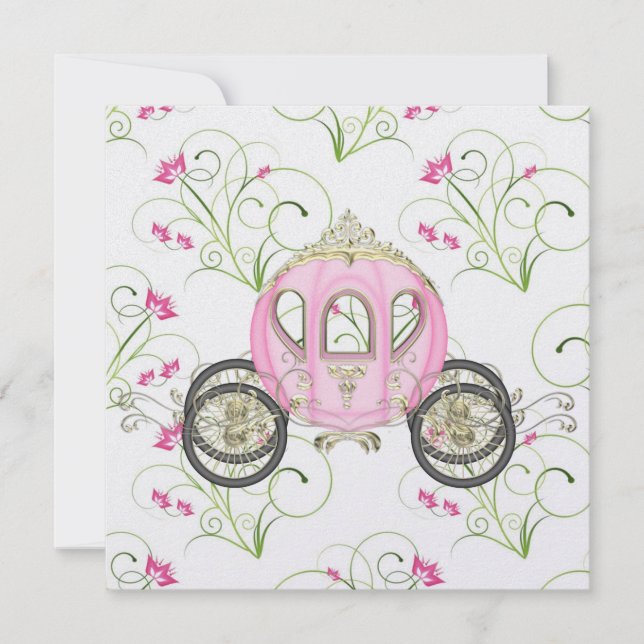 A Royal Event Invitation (Front)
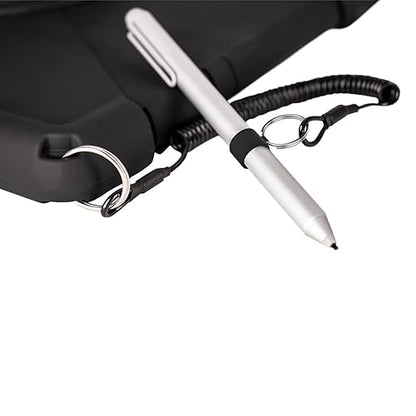 The Joy Factory aXtion Universal Bungee Stylus Tether for styli with Diameter of 0.27" - 0.39"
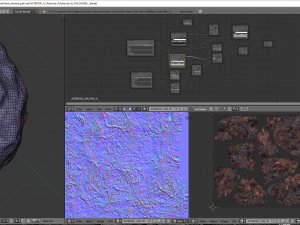 asteroids pack 3D Model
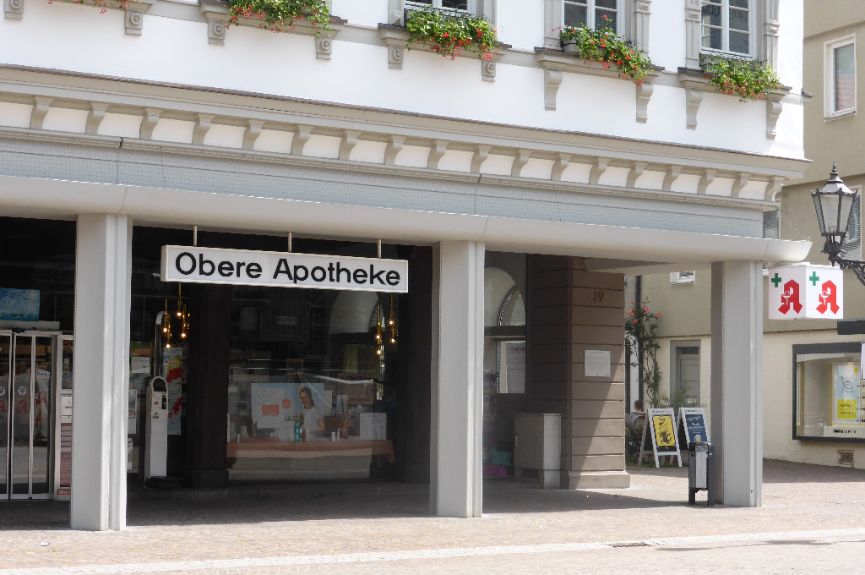 Obere Apotheke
·····
**Problem details:**
The complete material, set down exactly and stripped of pictures, is the expected response.

**Response box:**
 A Royal Event Invitation (Front)
 The Joy Factory aXtion Universal Bungee Stylus Tether for styli with Diameter of 0.27" - 0.39"
 asteroids pack 3D Model
 Obere Apotheke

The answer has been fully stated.